Defender a democracia nos dias que correm será missão prioritária para o novo presidente do Supremo
É inevitável que as severas crises que o país enfrenta na política e na economia, com trágicos reflexos sociais, pairem sobre a troca, na presidência do Supremo, de Dias Toffoli por Luiz Fux. Toffoli, que passa o cargo a Fux amanhã, conviveu com a face mais extremista de Bolsonaro, o tempo das interjeições golpistas e das insanidades proferidas diante do cercadinho da claque à porta do Alvorada. O STF, alvo predileto nessas horas, jamais sofreu tantos ataques populares.
Toffoli foi criticado por ter tentado, para driblá-los, abrir um canal de diálogo com Bolsonaro. Sempre poderá dizer que teve sucesso, afinal o país resistiu às iniciativas de ruptura que rondaram o Planalto. Mas não é possível dizer que a iniciativa do presidente da Corte tenha funcionado como calmante institucional. Ao contrário. Nunca o STF foi tão desafiado — balançou, mas resistiu. Basta lembrar a marcha de empresários, comandada por Bolsonaro, a fim de tentar reverter a decisão da Corte que garantiu autonomia a estados e municípios para manter o distanciamento social na epidemia (o presidente só recuaria das investidas com a prisão do ex-PM Fabrício Queiroz).

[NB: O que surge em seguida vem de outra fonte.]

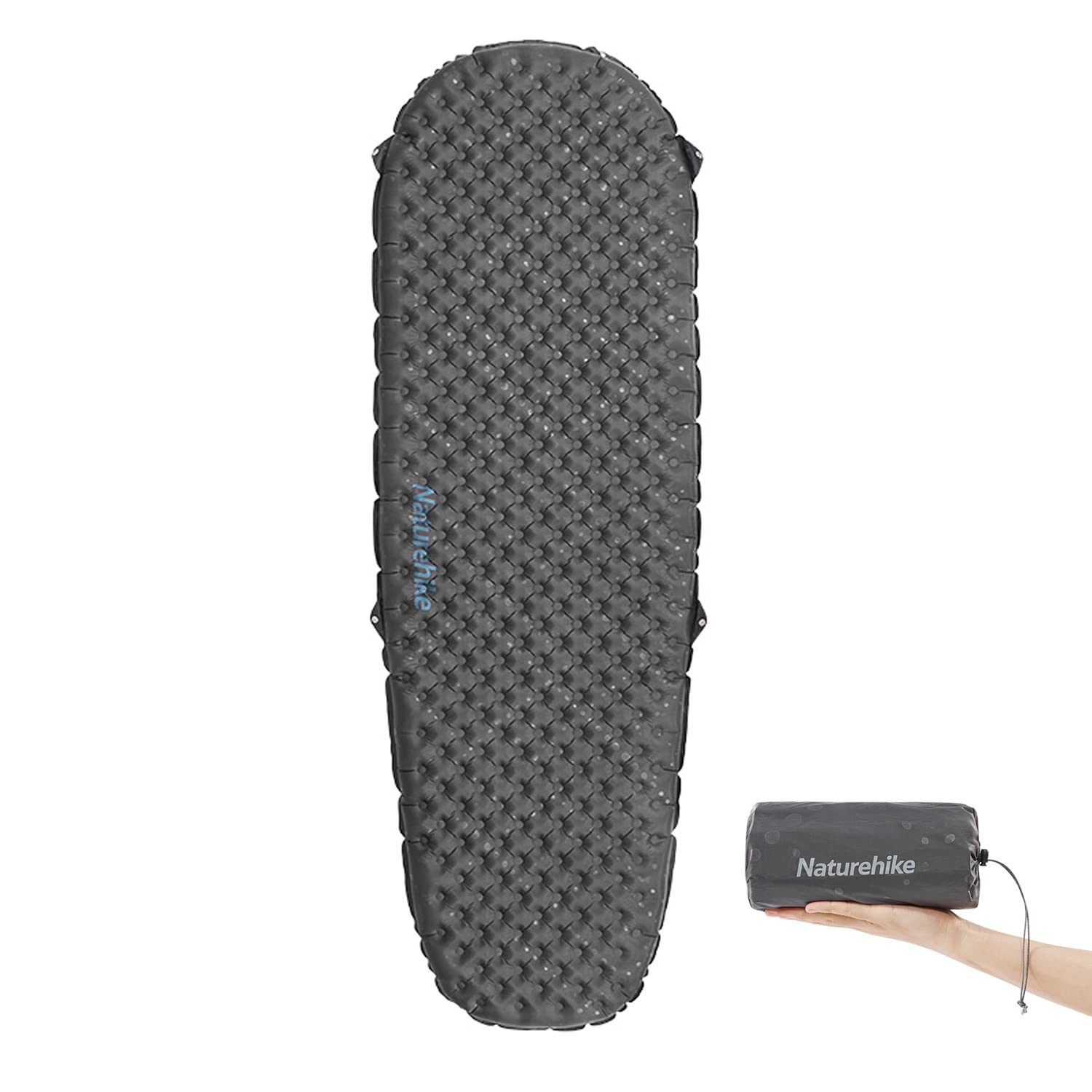 Официальный надувной матрас Naturehike High, для использования на открытом воздухе, толстый 7 см, ультралегкий, компактный, для кемпинга, походов, надувной матрас, соединяемый, для автомобильного кемпинга, палатки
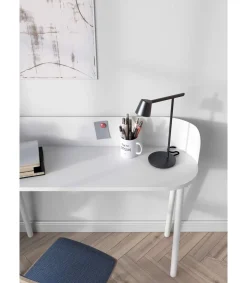 Mesa estudio Mod-634 acabado en color blanco, 40 x 120 x 95 cm (fondo x ancho x alto)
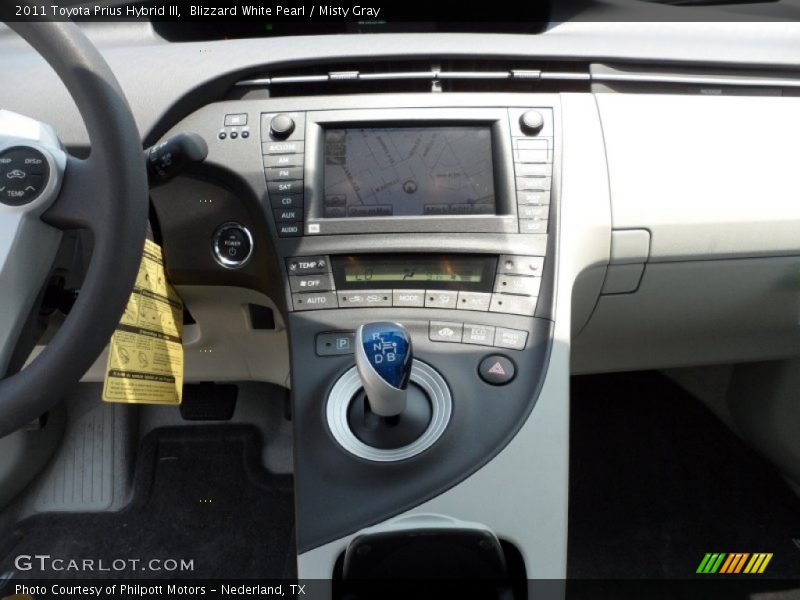 Blizzard White Pearl / Misty Gray 2011 Toyota Prius Hybrid III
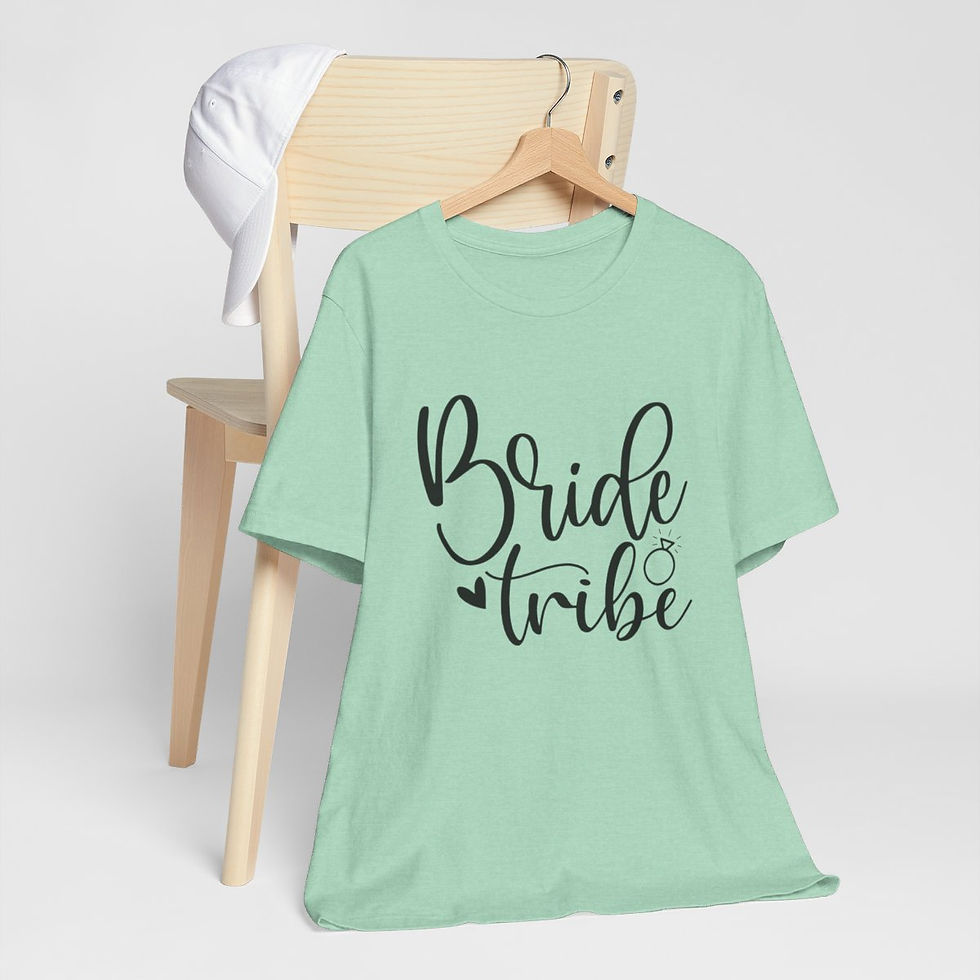 Thumbnail: Bride Tribe T-Shirt Bridesmaid Wedding Bachelorette party Apparel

Por tudo isso, a mudança na presidência da Corte vai além de uma mera troca de guarda. Fux, não bastasse ter de operar na conjunção das crises econômica e política, enfrentará um contencioso com o Executivo ainda amplo. Assume num momento de grande pressão contra a Lava-Jato. Em oposição a Toffoli, um “garantista”, Fux tem o perfil mais “punitivista”. É reconhecido como um dos maiores defensores da operação anticorrupção no Supremo.

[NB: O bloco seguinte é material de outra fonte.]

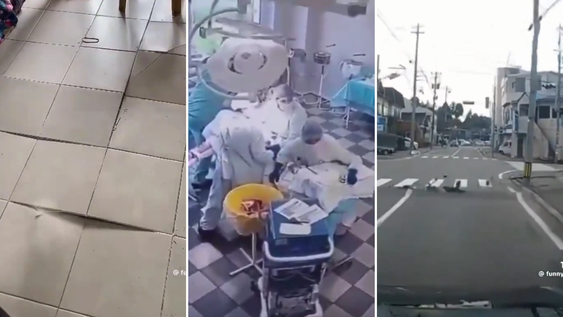 Los videos más aterradores del terremoto en Kamchatka, el segundo más fuerte del siglo XXI.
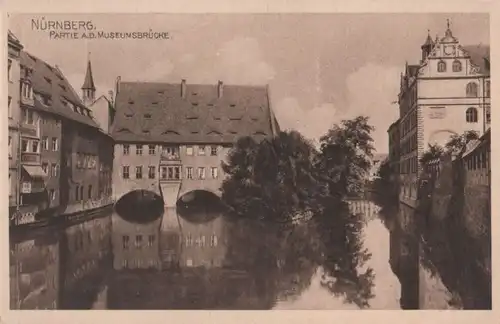 Nürnberg - Partie an der Museumsbrücke - ca. 1935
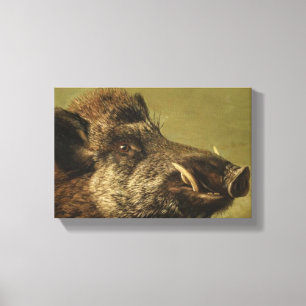 Vild Boars chef (Ugly Gris) Canvastryck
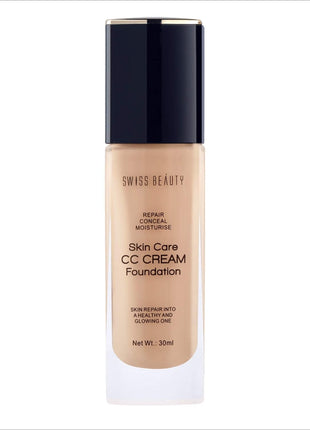 Swiss Beauty Foundation Skin Care Cc Cream - Natural-Nude -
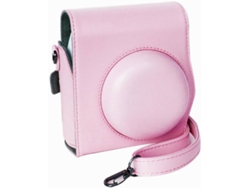 Estuche WJS Piel Fujifilm Instax Mini 8/Mini 8+/Mini 9 Instant Camera (Rosa)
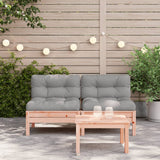 NNEVL Garden Sofa Armless with Cushions 2 pcs Solid Wood Douglas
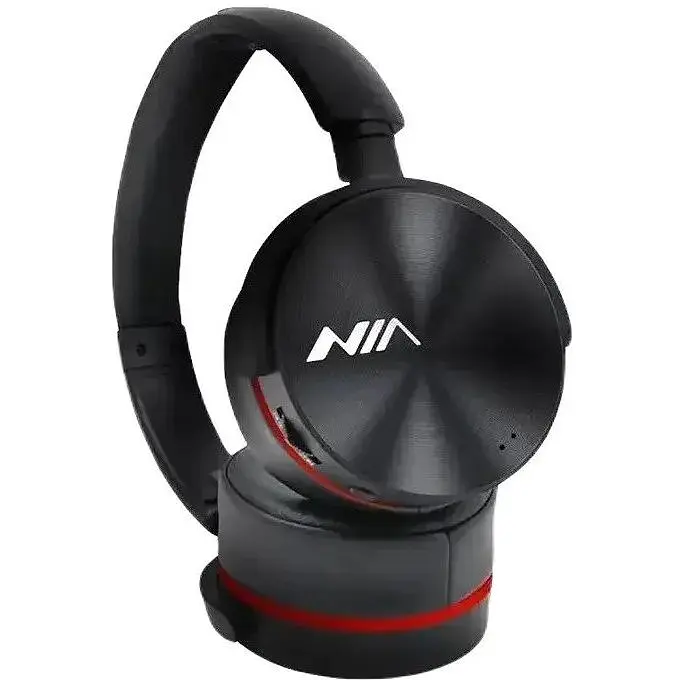 Бездротові навушники Nia Q6 Bluetooth з функцією плеєра Black - фото 2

Encontrará de cara sobre sua mesa o problema da substituição de Celso de Mello na Segunda Turma, onde tramitam os processos da Lava-Jato. Com a licença médica de Celso, a turma passou a ter a configuração ideal para a defesa dos denunciados: os “punitivistas” Edson Fachin e Cármen Lúcia, de um lado; os “garantistas” Gilmar Mendes e Ricardo Lewandowski do outro. Como o empate nos julgamentos garante por lei a absolvição dos acusados, os advogados de condenados por corrupção ganharam esperanças. Não se sabe se fundadas. Sob Fux, o plenário poderá voltar ainda a discutir a prisão na condenação em segunda instância, rejeitada em novembro por um voto.
O novo presidente terá também o desafio de lidar com os dois primeiros ministros indicados por Bolsonaro para o Supremo. O primeiro para o lugar de Celso, que se aposentará em novembro. O segundo, em junho do ano que vem, quando Marco Aurélio Mello atingirá a idade limite de 75 anos.

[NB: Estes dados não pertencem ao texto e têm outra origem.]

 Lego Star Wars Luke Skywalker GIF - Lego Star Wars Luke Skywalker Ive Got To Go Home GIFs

O maior desafio, Fux herdará de Toffoli: o relacionamento com o Executivo. O STF se tornou o maior esteio para garantia do estado democrático de direito, diante dos arroubos autoritários do presidente e de seus seguidores. Para detê-los, será importante Fux apaziguar as divergências numa Corte que, de tantas decisões monocráticas, foi apelidada “11 Supremos”. A busca pela unidade institucional é o princípio que deve guiá-lo. O bom relacionamento com os demais poderes será essencial para preservar a autonomia do STF.